(Instructions for the task) Any image found in the entries is to be skipped; the rest is returned word for word.

Stored dataset items:
----------------
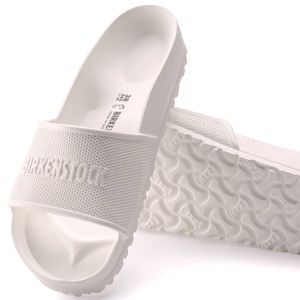 Birkenstock Barbados EVA
White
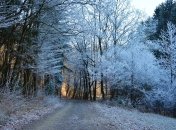 Прогноз погоди на зиму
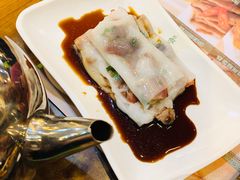 -添好运点心专门店(深水埗店)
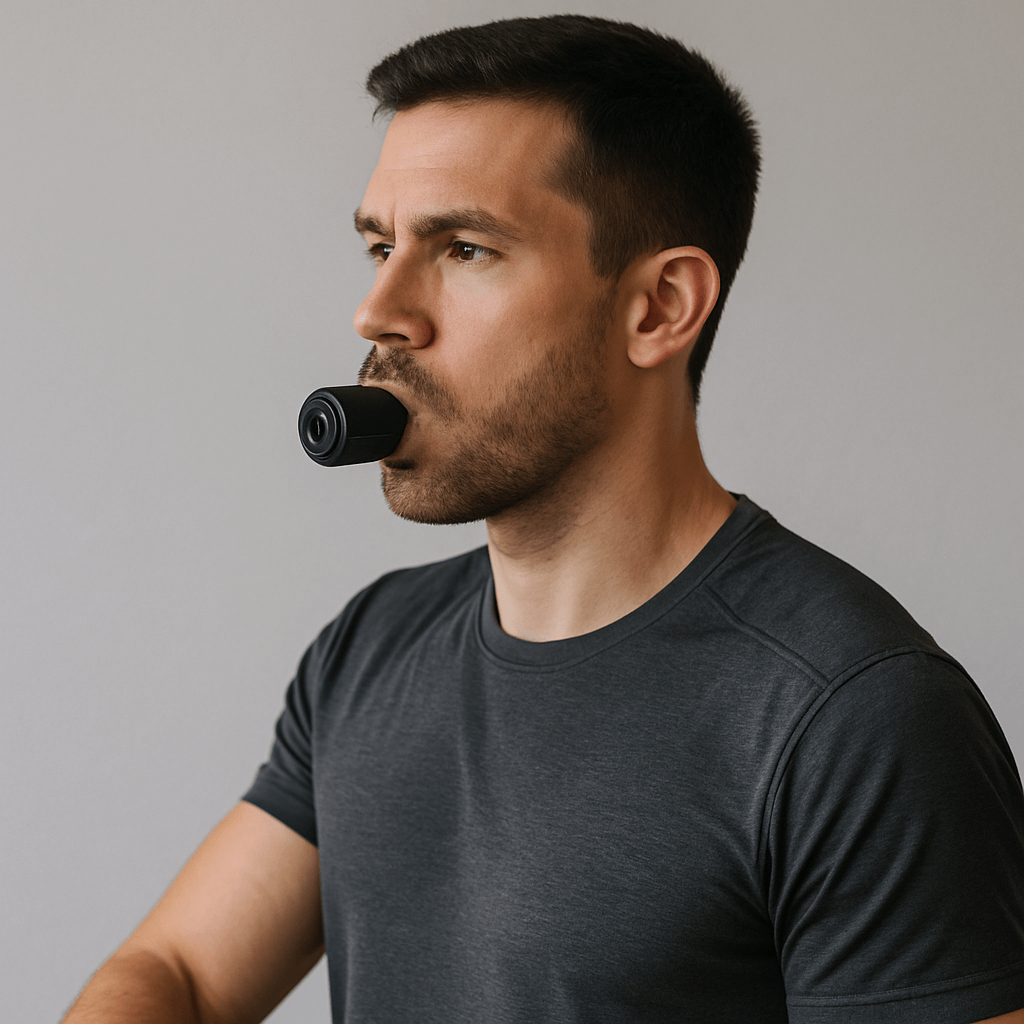 Respiratory Health Brand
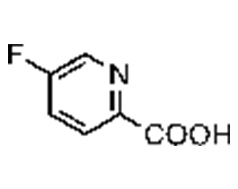 5-fluoropicolinic acid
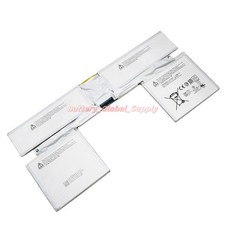 G3HTA021H G3HTA023H G3HTA024H Keyboard Battery For Microsoft Surface Book 1 13.5 picture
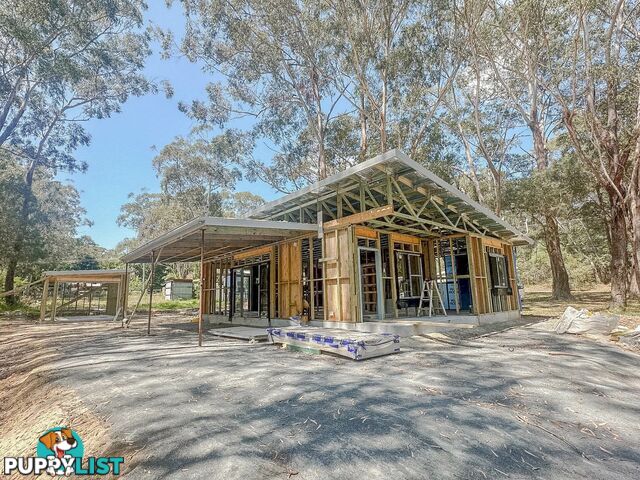 27 Bamberry Street RUSSELL ISLAND QLD 4184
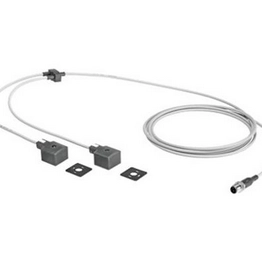 NEDY-L2R1-V1-A1W4L-U-0.3L-M12G4-5R FESTO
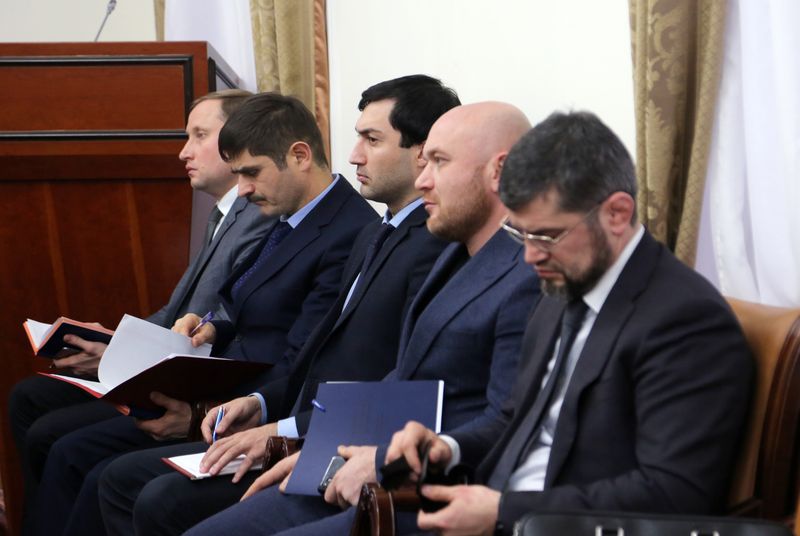 В Дагестане в 2020 году планируется ввести в эксплуатацию 149 объектов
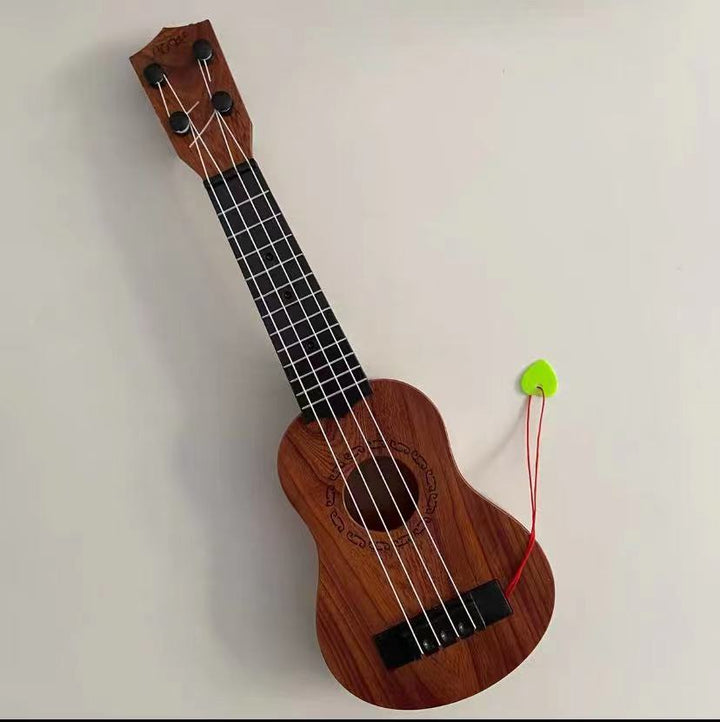 Acoustic Ukulele Bowlift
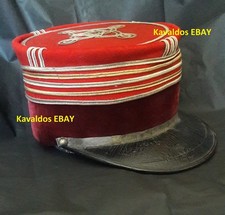 Rarissime képi lieutenant d'occasion  Cabourg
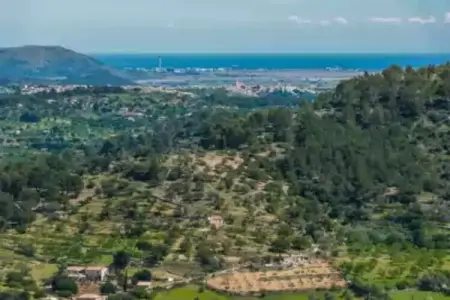 Casa Vella (vall Petit), Charmante retraite avec vue sur la montagne - Photo 34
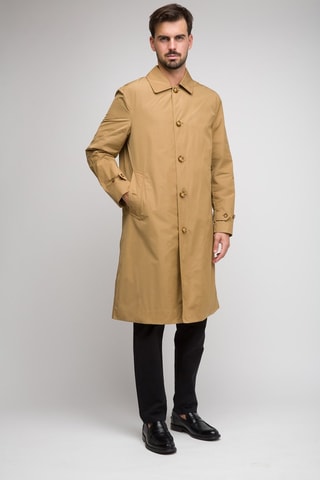 Trench Pilkington - Beige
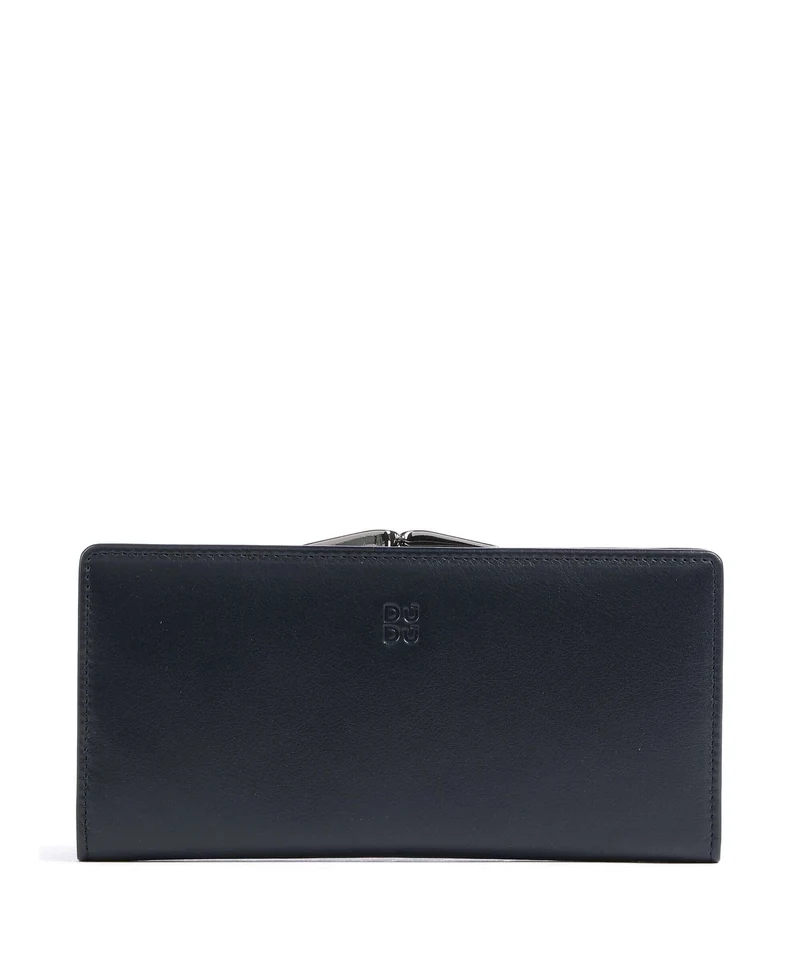 DuDu Bags Chilé Monedero navy
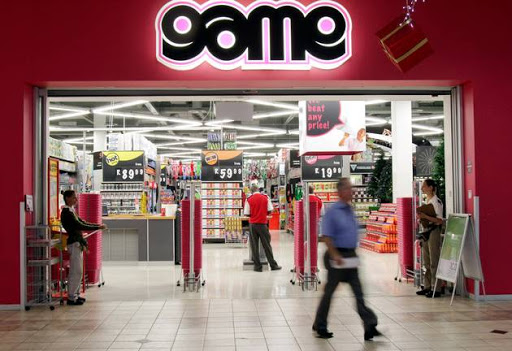 From next week Game stores will offer a 10% discount to vaccinated customers. File photo.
----------------
(Solution to this exercise)
 Birkenstock Barbados EVA
White
 Прогноз погоди на зиму
 -添好运点心专门店(深水埗店)
 Respiratory Health Brand
 5-fluoropicolinic acid
 G3HTA021H G3HTA023H G3HTA024H Keyboard Battery For Microsoft Surface Book 1 13.5 picture
 27 Bamberry Street RUSSELL ISLAND QLD 4184
 NEDY-L2R1-V1-A1W4L-U-0.3L-M12G4-5R FESTO
 В Дагестане в 2020 году планируется ввести в эксплуатацию 149 объектов
 Acoustic Ukulele Bowlift
 Rarissime képi lieutenant d'occasion  Cabourg
 Casa Vella (vall Petit), Charmante retraite avec vue sur la montagne - Photo 34
 Trench Pilkington - Beige
 DuDu Bags Chilé Monedero navy
 From next week Game stores will offer a 10% discount to vaccinated customers. File photo.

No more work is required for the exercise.